合唱コンクールのおかげで忙しくなりつつある。

クラスの合唱練習もあるし、
生徒会の仕事もある。
当日の役割も分担しなきゃいけないし、
先生方や実行委員とも話さなきゃいけない。

生徒会ってこんなに忙しかったんだって思うのと同時に、今まで何も打ち込むものがなかったわたしは、素直にそれが楽しかった。頑張らなきゃいけないって思った。

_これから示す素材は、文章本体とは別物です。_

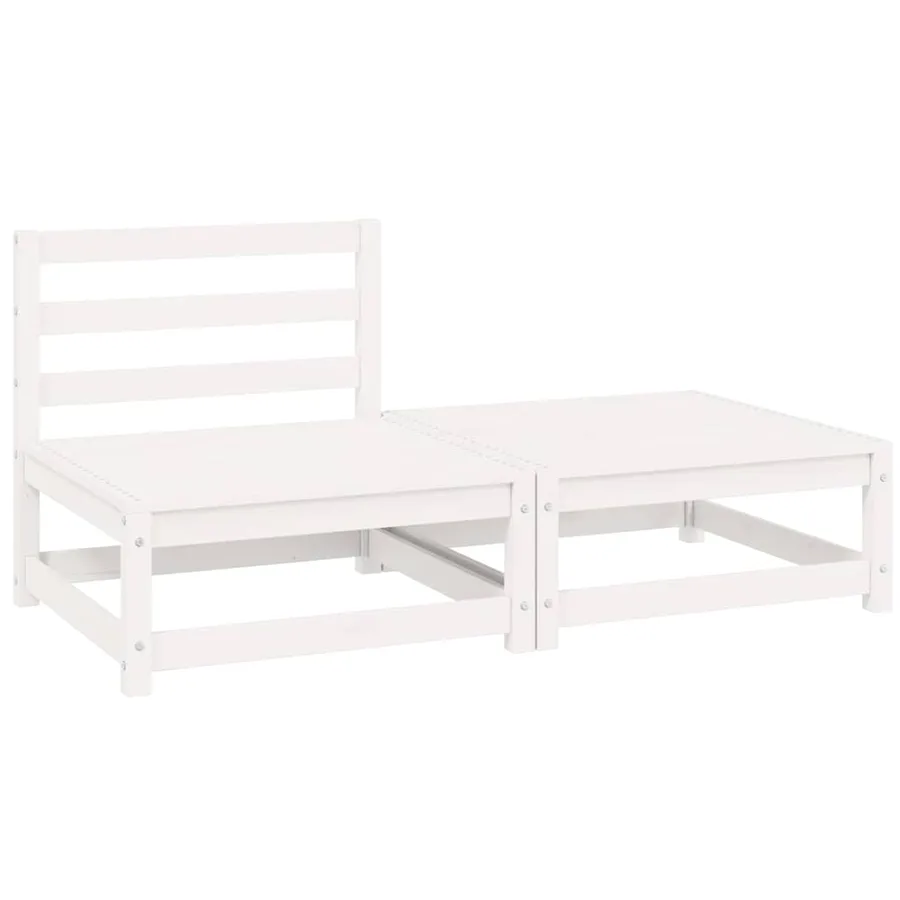 Salon de jardin 2 pcs blanc bois de pin massif - 2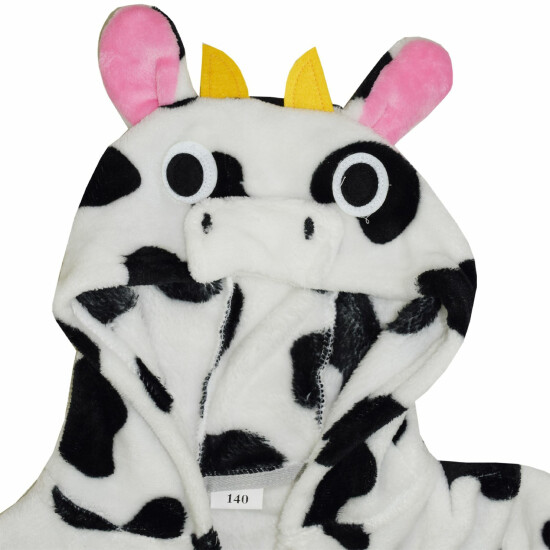 Kids Girls Bathrobe 3D Animal Cow Fleece Dressing Gown Nightwear Loungewear 2-13 image {3}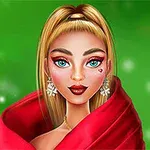 A glamorous woman with long blonde hair, bright blue eyes, and bold red lips, wrapped in a vibrant red shawl, set against a soft green background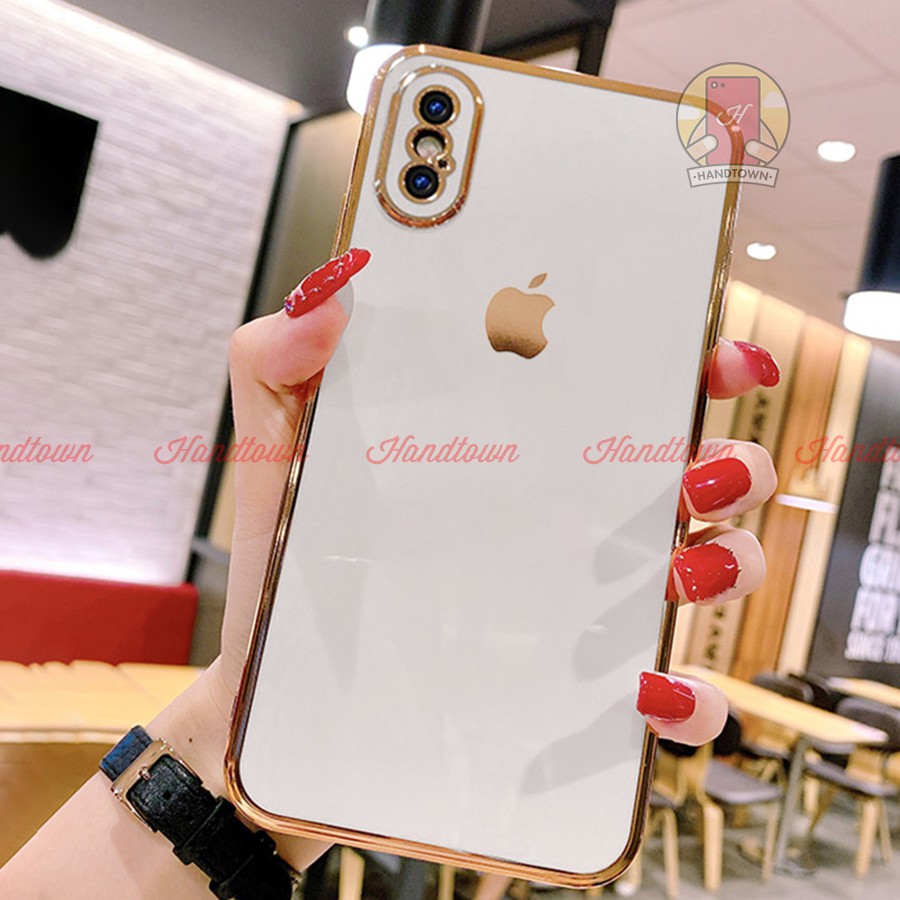 Ốp lưng silicon viền màu Vuông Cạnh độ lên iPhone 12 Cho iPhone 7 8 6 6s Plus Xs Max 11 11 Pro SE 2 2020 12 Mini Pro Max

「…ってことでよろしく。俺今日ちょっと行けないかも」

「はい、ありがとうございました」



「お、たこさんウインナーもーらいっ」
「あ、ちょ…っ」
そういって桐生先生はわたしのお弁当からたこさんウインナーをつまみ、口に入れる。

さっきまで真剣だった桐生先生の顔が一気に笑顔になる。


「ごちそーさん」

「あはは先生かわいー」
みんなもつられて笑う。



一瞬で周りを笑顔ににすることができる、桐生先生は、そんな人。